Kasus ini bermula dari konflik antara warga Desa di Sulawesi Selatan dengan pihak yang mengklaim sebagai pemilik lahan di tempat tersebut yaitu ahli waris Daeng Sija yang bernama Murring. Warga desa menolak dan menganggap ahli waris tersebut mengada-ada, melihat hal tersebut pemerintah melakukan upaya musyawarah tetapi tidak pernah ada yang mencapai kesepakatan, akhirnya ahli waris mengungat 28 petani di pengadilan negeri. Pengugat menghadirkan saksi pendukung yaitu Muajji dalam pernyataannya ia mengatakan bahwa kepemilikan tanah itu milik Daeng Sija dengan nama kepemilikan oleh istrinya Badjdje Binti Besse Po'ro dan adapun surat keterangan yang ditulis pada 16 Agustus 2018 dengan materai Rp 6.000 menyatakan bahwa lahan yang dilindungi benar milik Daeng Sija. Pada putusan pengadilan 28 Mei 2020 hakim memutuskan gugatan tersebut dengan status NO (Niet Ontvankelijke Verklaard).

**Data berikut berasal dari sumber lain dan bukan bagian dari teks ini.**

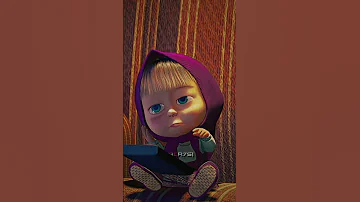 Маша научилась делать удар через себя у Роналду Shorts Ronaldo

Hak milik itu sendiri merupakan hak terkuat yang dimiliki oleh orang, dalam kasus diatas hak milik yang dimiliki harus mempunyai bukti yang kuat dan cukup untuk bisa memenangkan serta membuat hakim yakin tentang bukti yang diberikan, pada dasarnya bukti yang di miliki belum cukup kuat untuk menyakinkan hakim serta para tergugat yang lain
Sebagaimana dalam pasal 20 ayat 1 menyatakan bahwa hak milik adalah turun-temurun, terkuat, dan terpenuh yang dapat dipunyai orang atas tanah, dengan mengingat ketentuan dalam Pasal 6 yaitu mempunyai fungsi sosial, Â pasal 19 ayat 2 (c) menyatakan bahwa pemberian surat-surat tanda bukti hak, yang berlaku sebagai alat pembuktian yang kuat dan pada pasal 23 ayat 2 menyatakan bahwa pendaftaran termasuk dalam ayat (1) merupakan alat pembuktian yang kuat mengenai penghapusannya hak milik serta sahnya pelestarian dan pembebanan hak tersebut. Sebagaimana pada pasal-pasal diatas menjelaskan bahwa hak milik merupakan hak terkuat yang dimiliki oleh pemilik tanah pada kasus diatas ditinjau dari aspek hukum ahli waris menghadirkan saksi yang memberikan pernyataan yang sama dengan menyatakan bahwa tanah tersebut milik Daeng Sija (mending Ayah pengugat) tetapi jika ditinjau dari aspek sosial petani (tergugat) atau warga desa telah lama bermukim ditempat tersebut bahkan mereka berkebun sebagai mata pencaharian sekaligus kebutuhan pangannya. Keputusan hakim sebenarnya tidak dapat ditelan mentah-mentah begitu saja kita juga harus melihat pertimbangan hakim kepada tergugat dan pengugat mengapa memenangkan petani. Tapi dalam kasus ini keputusan yang di ambil oleh hakim sudah tepat atau seperti jalan tengah untuk kedua pihak di mana hakim menyatakan status NO (Niet Ontvankelijke Verklaard) yang dimana berarti gugatan tidak dapat di terima, sesuai dengan pernyataan kuasa hukum warga,menyatakan objek yang disengketakan salah tempat, adapun menurutnya persoalan ini terdapat oknum-oknum yang ingin memanfaatkan situasi pasalnya daerah tersebut memang sudah beberapa kali di incar oleh pengusaha dan perusahaan tetapi di tolak oleh warga.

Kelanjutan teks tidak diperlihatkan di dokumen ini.